◆ **Problem description**: An exact copy of all the data is needed, with every picture left out.

#### Record extracts

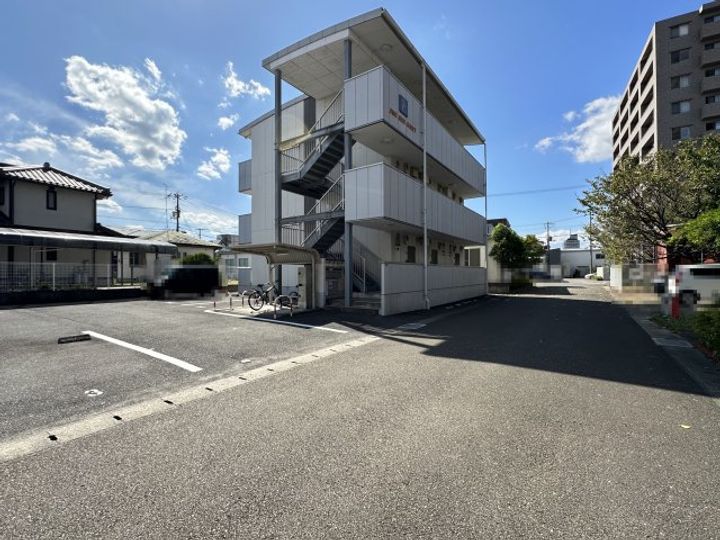 高知県高知市南金田(アパート)の賃貸物件の外観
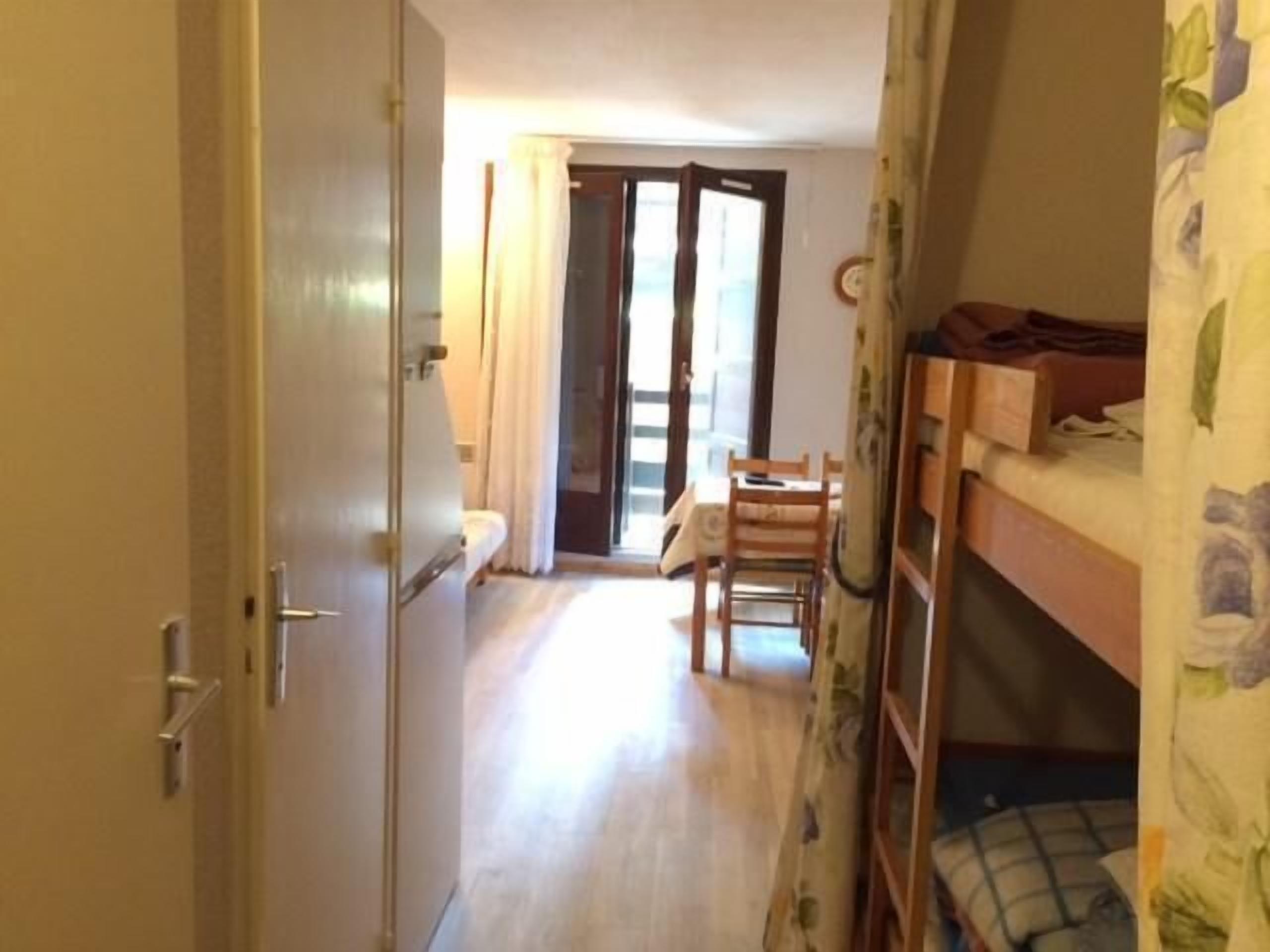 50m from ski slopes, 1st floor, tv, ski locker, 26m², Risoul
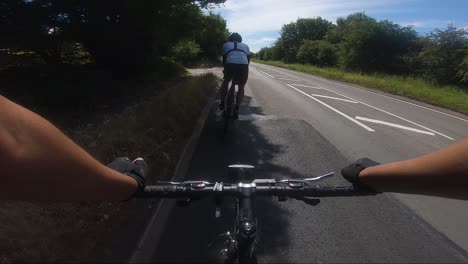 Pov-Ciclismo-A-Lo-Largo-De-A413-Amersham-Road-Con-Coche-Adelantando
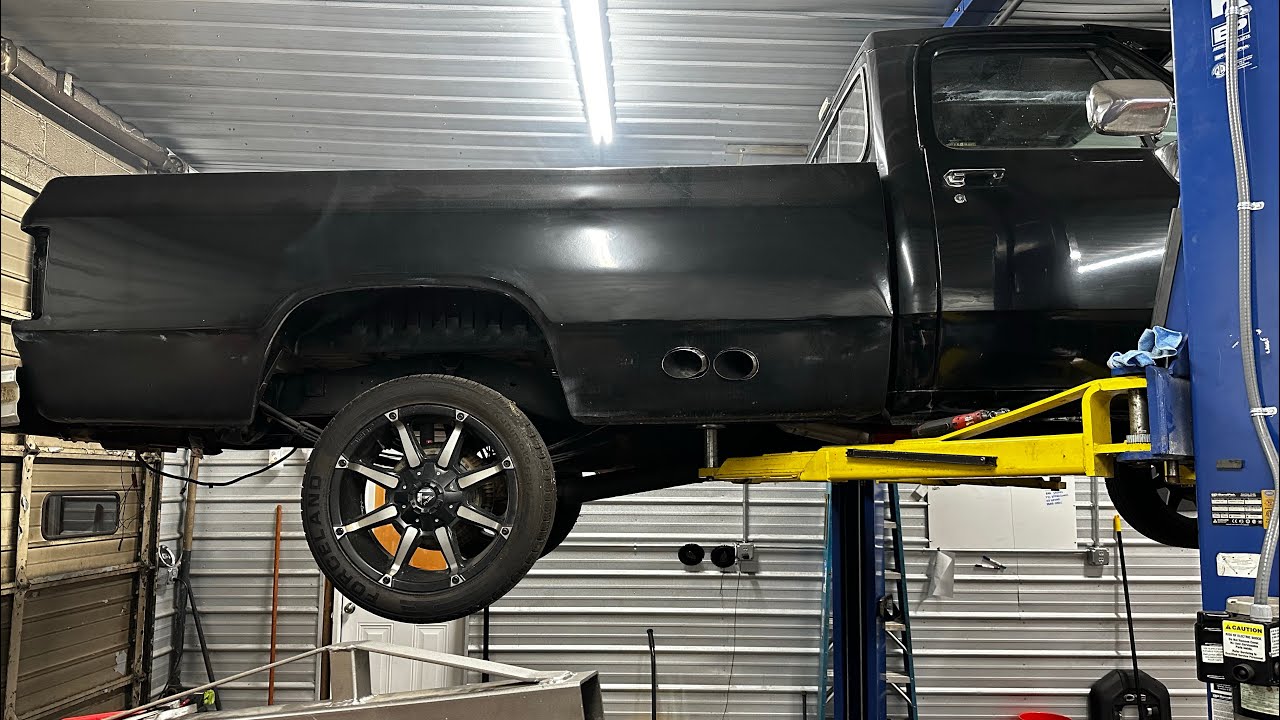 Dodge D150 gets a One of a Kind Exhaust! Sounds so rowdy!
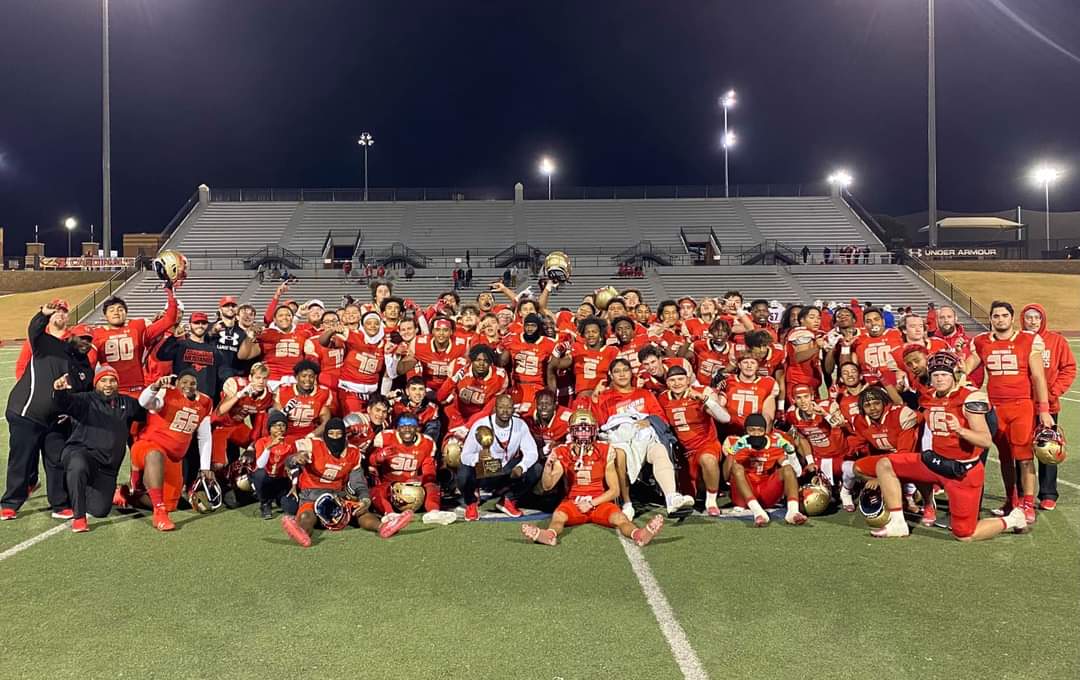 Thamannjr's tweet photo. Lubbock Coronado is looking for a couple hard working coaches to join our football staff. Come be a part of  something special. #Ohana @Matt_Stepp817 @806hsscmedia @RandyRosetta https://t.co/guH710notN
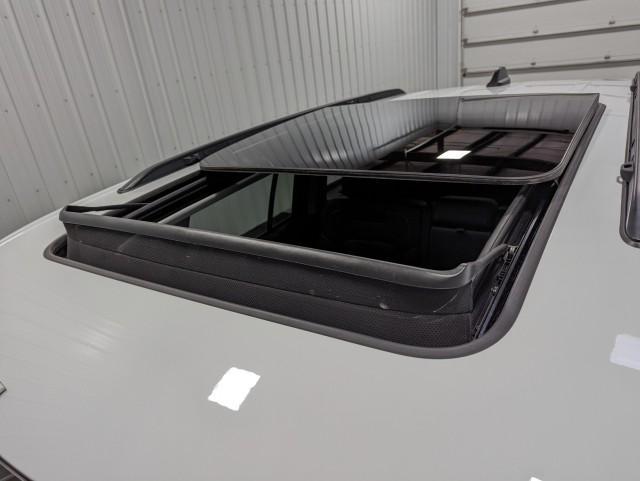 used 2023 Jeep Grand Cherokee car, priced at $34,498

########

◆ **Exercise solution**:
 高知県高知市南金田(アパート)の賃貸物件の外観
 50m from ski slopes, 1st floor, tv, ski locker, 26m², Risoul
 Pov-Ciclismo-A-Lo-Largo-De-A413-Amersham-Road-Con-Coche-Adelantando
 Dodge D150 gets a One of a Kind Exhaust! Sounds so rowdy!
 Thamannjr's tweet photo. Lubbock Coronado is looking for a couple hard working coaches to join our football staff. Come be a part of  something special. #Ohana @Matt_Stepp817 @806hsscmedia @RandyRosetta https://t.co/guH710notN
 used 2023 Jeep Grand Cherokee car, priced at $34,498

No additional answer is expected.